Hitchens is sober in his assessment of the life of a contrarian, and makes clear that it is neither glamorous, nor likely to win many friends. He promotes not the idea of becoming a role model, world changing maverick, or anything so grand, but rather settles on the idea that to be a contrarian one must examine one’s beliefs constantly and press always towards justice within oneself and within society, while standing firm against the risk of apathy and dullness. Imbuing one’s arguments with humour, he decides, will help to keep them fresh, and rehearsing points in a dialectic with those of opposing views will only help hone them, but ultimately, one must be prepared to refine, repeat, and labour a point, if it is one worth supporting. For Hitchens the biggest failing to be avoided is that of silence.

That said, for Hitchens, what is important is how one thinks rather than what one thinks. Naturally, the inference is that thinking in the right way leads one to correct positions more often than not, although as Hitchens elsewhere acknowledges, sometimes, “the wrong people have the right line,” and vice versa.

Like Orwell, Hitchens synthesizes what he deems valuable from the left and right – to use rigid definitions – and his rejection of all unthinking forms of political tribalism mean Hitchens offers a balanced approach to reasoning out one’s own position. As someone who’s lived a full life, he cannot help but drop in plenty of autobiographical tidbits, which illustrate his points while ensuring his own ego is suitably stroked, in a form which leaves very little room for modesty. Hitchens, though, is a great example for the aspiring intellectual / contrarian, and the congruence between his life and his writing makes his example all the stronger.

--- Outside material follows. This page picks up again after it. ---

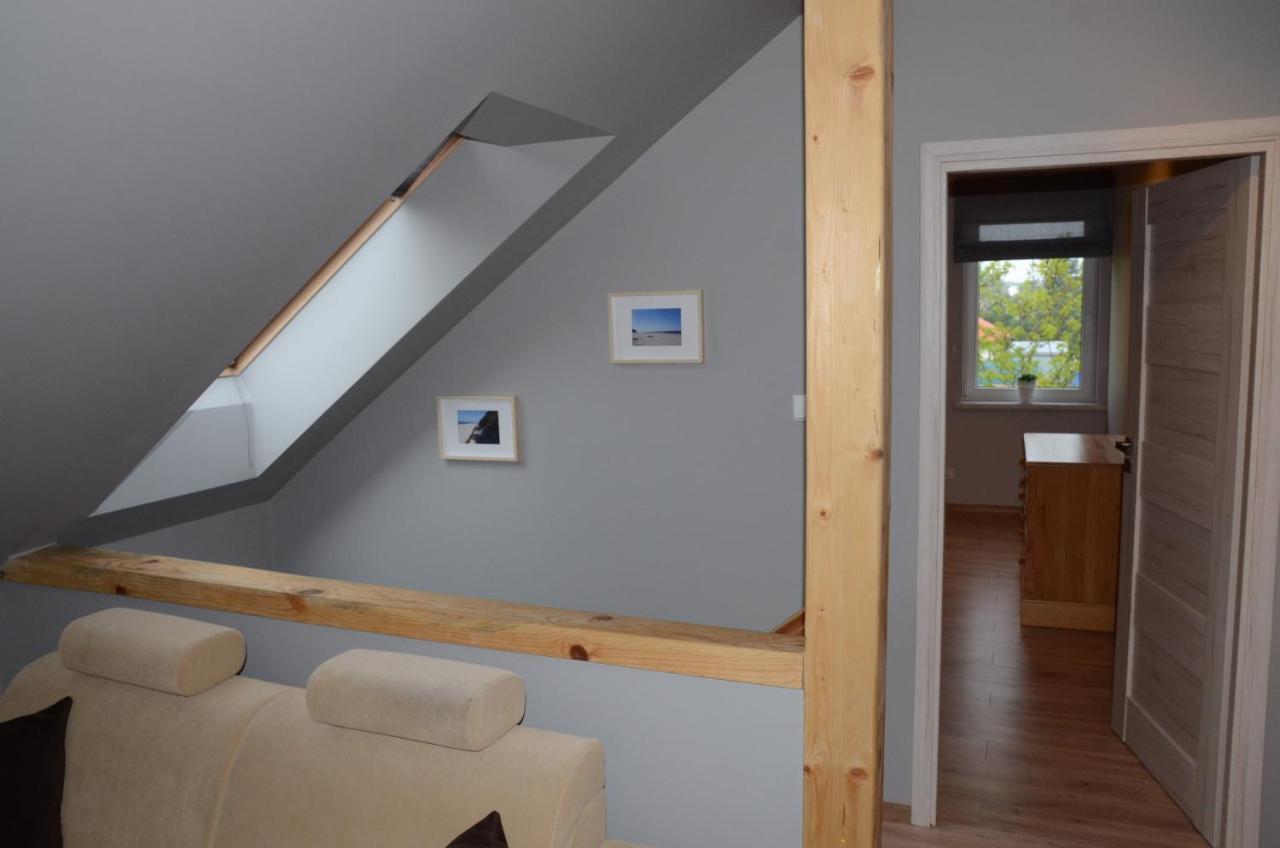 Apartamenty I Domki Mierzeja Sztutowo Ngoại thất bức ảnh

Where much of Hitchens's writing is focused on puncturing the ill-gotten (in his view) reputation of individuals and institutions he abhors, here one sees the nurturing side of Hitchens, as he encourages to the next generation of free thinkers and reassures them of the merit of a life of opposition. The very notion of writing a book that asks the reader to challenge proffered wisdoms creates a paradox of sorts, but Hitchens is more than aware of this, and mindful of it. Indeed, he writes with his familiar flair and good humour, and one forgives very quickly any moments that slip into self-satisfaction. As a man of consummate self-assuredness this can be a fine line, and one certainly would have liked to see a little more of the vulnerable side of Hitchens here – a further reassurance that even battle hardened contrarians have their weaknesses.

Any quibbles, however, are minor to say the least and one cannot help but read with eagerness and - ironically - submission, such a neatly crafted work. Indeed, in an already short book, having each missive contained within a chapter makes for very easy reading, and pleasing bursts of bite-sized encouragement / discussion. In view of its brevity, Hitchens is careful to ensure the book is sprinkled with references for further reading, which will undoubtedly pique the reader’s interest and turn them – if they are yet to be turned – onto the pleasures (or otherwise) of Zola, Rilke, Orwell, and Heller amongst others.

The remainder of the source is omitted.